— Могут обвинить меня в краже коней. Если застанут за игрой.
— Я буду рядом, — сказал Холк. — Объясню, что и как.
Он сгрёб остаток денег в горсть и позвал Никодима.
Никодим принял деньги не считая.
— Остальное завтра, — сказал Холк.
Никодим кивнул.
— Прошу к ужину, — сказал он.
Ний встал не просто поздно, а очень поздно. Он уже забыл, каково это — спать на настоящем ложе под настоящей крышей после ужина и тёплой ванны. Его ждала чистая простая алпанская одежда — шерстяные штаны и рубаха с затягивающейся горловиной, овчинная безрукавка, толстые вязаные чулки до колен, войлочные сапоги без голенищ с задранными носами, украшенные вышивкой. Собственная его верхняя одежда висела тут же, почищенная и заштопанная. Он надел подсменок и подумал, что если всё пойдёт как должно, на обратный путь следует прикупить хотя бы ещё одни кожаные штаны — старые долго не протянут… да и сапоги тоже.
Не строй планы, тут же оборвал он себя, это не к добру. Ангра Маинью подслушивает тебя…

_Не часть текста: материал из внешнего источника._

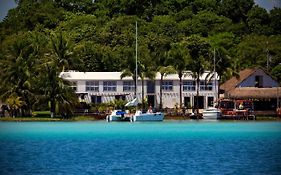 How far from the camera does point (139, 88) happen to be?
72125 millimetres

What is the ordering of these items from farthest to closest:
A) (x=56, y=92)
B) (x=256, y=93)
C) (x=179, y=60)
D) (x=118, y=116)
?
1. (x=256, y=93)
2. (x=179, y=60)
3. (x=118, y=116)
4. (x=56, y=92)

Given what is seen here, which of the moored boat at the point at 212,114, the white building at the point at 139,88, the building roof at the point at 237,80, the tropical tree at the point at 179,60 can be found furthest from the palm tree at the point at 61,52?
the building roof at the point at 237,80

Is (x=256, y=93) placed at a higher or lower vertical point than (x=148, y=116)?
higher

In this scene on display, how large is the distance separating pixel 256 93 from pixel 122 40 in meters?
21.9

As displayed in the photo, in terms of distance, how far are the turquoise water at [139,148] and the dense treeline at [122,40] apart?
678 centimetres

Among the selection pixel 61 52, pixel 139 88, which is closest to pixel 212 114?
pixel 139 88

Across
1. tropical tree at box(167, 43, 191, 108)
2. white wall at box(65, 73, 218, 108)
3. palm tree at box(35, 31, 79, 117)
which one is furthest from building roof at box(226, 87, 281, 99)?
palm tree at box(35, 31, 79, 117)

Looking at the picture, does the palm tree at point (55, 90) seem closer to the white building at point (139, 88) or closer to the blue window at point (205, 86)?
the white building at point (139, 88)

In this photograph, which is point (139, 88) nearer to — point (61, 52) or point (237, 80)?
point (61, 52)

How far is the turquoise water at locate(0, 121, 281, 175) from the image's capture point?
27859 mm

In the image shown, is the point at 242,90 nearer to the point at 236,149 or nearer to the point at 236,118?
the point at 236,118

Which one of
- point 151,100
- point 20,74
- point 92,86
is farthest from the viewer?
point 151,100

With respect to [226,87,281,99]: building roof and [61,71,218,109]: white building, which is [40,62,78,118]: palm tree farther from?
[226,87,281,99]: building roof

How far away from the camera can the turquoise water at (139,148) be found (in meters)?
27.9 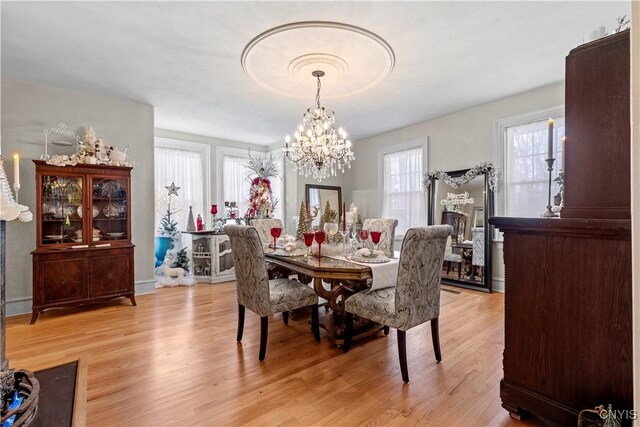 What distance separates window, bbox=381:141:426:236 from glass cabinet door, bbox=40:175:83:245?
4698 mm

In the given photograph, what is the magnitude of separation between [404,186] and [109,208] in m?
4.55

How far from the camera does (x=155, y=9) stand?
2.18m

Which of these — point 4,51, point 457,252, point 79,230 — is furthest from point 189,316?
point 457,252

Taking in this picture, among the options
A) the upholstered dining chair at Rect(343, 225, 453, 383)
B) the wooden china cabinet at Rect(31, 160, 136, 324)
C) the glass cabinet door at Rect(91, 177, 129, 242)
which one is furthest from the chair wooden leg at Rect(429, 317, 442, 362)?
the glass cabinet door at Rect(91, 177, 129, 242)

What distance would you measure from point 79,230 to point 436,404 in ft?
13.2

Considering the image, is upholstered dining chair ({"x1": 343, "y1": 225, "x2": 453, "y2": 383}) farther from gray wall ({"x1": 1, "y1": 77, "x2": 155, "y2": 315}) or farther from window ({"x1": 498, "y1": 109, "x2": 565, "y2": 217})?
gray wall ({"x1": 1, "y1": 77, "x2": 155, "y2": 315})

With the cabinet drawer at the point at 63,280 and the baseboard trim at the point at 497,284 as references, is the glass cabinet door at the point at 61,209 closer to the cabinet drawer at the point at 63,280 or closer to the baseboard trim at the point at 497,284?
the cabinet drawer at the point at 63,280

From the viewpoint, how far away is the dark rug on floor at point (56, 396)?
4.08 ft

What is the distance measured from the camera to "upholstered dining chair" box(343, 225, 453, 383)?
1.94 meters

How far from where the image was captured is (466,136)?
14.7 feet

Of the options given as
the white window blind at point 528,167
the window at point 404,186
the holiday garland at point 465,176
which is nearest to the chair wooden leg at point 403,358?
the white window blind at point 528,167

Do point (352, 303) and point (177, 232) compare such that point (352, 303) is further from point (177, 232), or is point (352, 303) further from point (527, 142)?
point (177, 232)

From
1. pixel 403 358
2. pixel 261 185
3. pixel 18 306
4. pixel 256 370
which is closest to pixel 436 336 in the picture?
pixel 403 358

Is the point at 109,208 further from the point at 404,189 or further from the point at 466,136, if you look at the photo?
the point at 466,136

Шея чесалась, он потрогал. На месте надоевшей уже коросты была тонкая новая кожица.
Ну, хоть это хорошо…
Он сел на пол, положив на колени руки, и постарался расслабиться. Во сне происходило что-то важное, и сейчас надо постараться вспомнить, что именно.
…он снова шёл по ряду златокузнецов, шёл быстро, уверенно и зло, и не видел, но чувствовал, что остальные с трудом поспевают за ним, факел в руке, пропитанный каменным маслом, горел чадно, с него срывались огненные капли, ломайте ворота, кричал кто-то, в ворота ударили бревном, они распахнулись, от удара дубины упала собака, чьи-то искажённые яростью лица и чьи-то лица, искажённые страхом, слюдяные окна разлетаются в мелкие дребезги, в доме вспыхивает пока ещё ленивое пламя, мелькают деревья, чьи-то спины впереди, а потом он начинает видеть всё происходящее сверху, да, он сидит на дереве, обхватив ствол, а внизу мечутся люди и тени, а из окон языки огня, и на стенах остаётся жирная копоть, и вот утро, и никого, и только пахнет горелым мясом, страшно пахнет горелым мясом, горелым мясом…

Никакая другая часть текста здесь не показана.